The most logical answer to this question I can think of is: People write autobiographies because they want the information about their life on earth to be preserved after their death.  Why else would they go to the trouble of writing so many boring details about their life?

Even more, people write autobiographies because they're afraid the information about their lives will be forgotten after their death.  I won't even ask the question: Why does it matter to your dead corpse whether or not people talk about you while you're turning into worm food?  But I will ask the question: Why are people afraid the information about their lives will be forgotten?

The most logical answer to this question (that I can think of) is: People are afraid information about their lives will be forgotten because they weren't important enough; because their actions were too insignificant to be worth mentioning again.  So, people write autobiographies just in case the generations after them aren't naturally inclined to mention their name, and their actions again.  

But if someone happens upon a paperback book at a yard sale 200 years from now, they can read about... what was his name?  I can't remember his name but... what did he do?  I can't remember that either, but I'll sell you this paperback autobiography for $5.00 (let's add a few bucks for inflation 200 years for now).

It seems to me that either you will be remembered, or you won't.  No one will want to read your boring autobiography if you weren't important enough to be remembered.  If you were important enough to be remembered, someone might read the first few pages of your autobiography before they realize that it's incredibly boring, at which point they'll read your biography, written by a much better author than yourself, who doesn't portray you as being the center of the universe, rather a fairly normal human being who had an interesting life.

My question, to anyone who'd like to respond, is why would you write an autobiography?


----------



## Spudley (Jul 23, 2004)

I think the reason most people write autobiographies is because they're famous and they want to make a bit more money out of their fame.

Seriously, they're the only true autobiographies that tend to actually sell, as far as I can see.

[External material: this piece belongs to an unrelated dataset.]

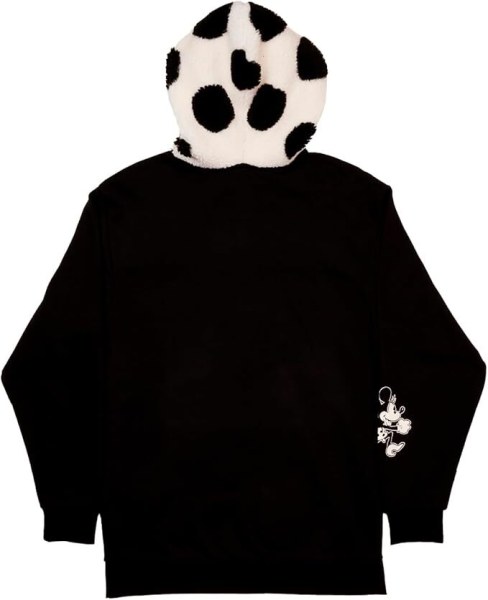 Felpa con cappuccio in sherpa Minnie Rocks the Dots - DISNEY LOUNGEFLY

A lot of people write "semi-autobiographical novels", which are centered around events that may actually have happened, but with the freedom of calling it fiction, so they can change any details to improve the story, or whatever other reason. I don't really see any difference between these and writing any other fiction, in terms of how you'd approach researching for it.

If you can remember in perfect detail all the interesting events that happened during your life, then you'll be able to get away without doing any research. But if not, I'd say it's probably a good idea to do some.


----------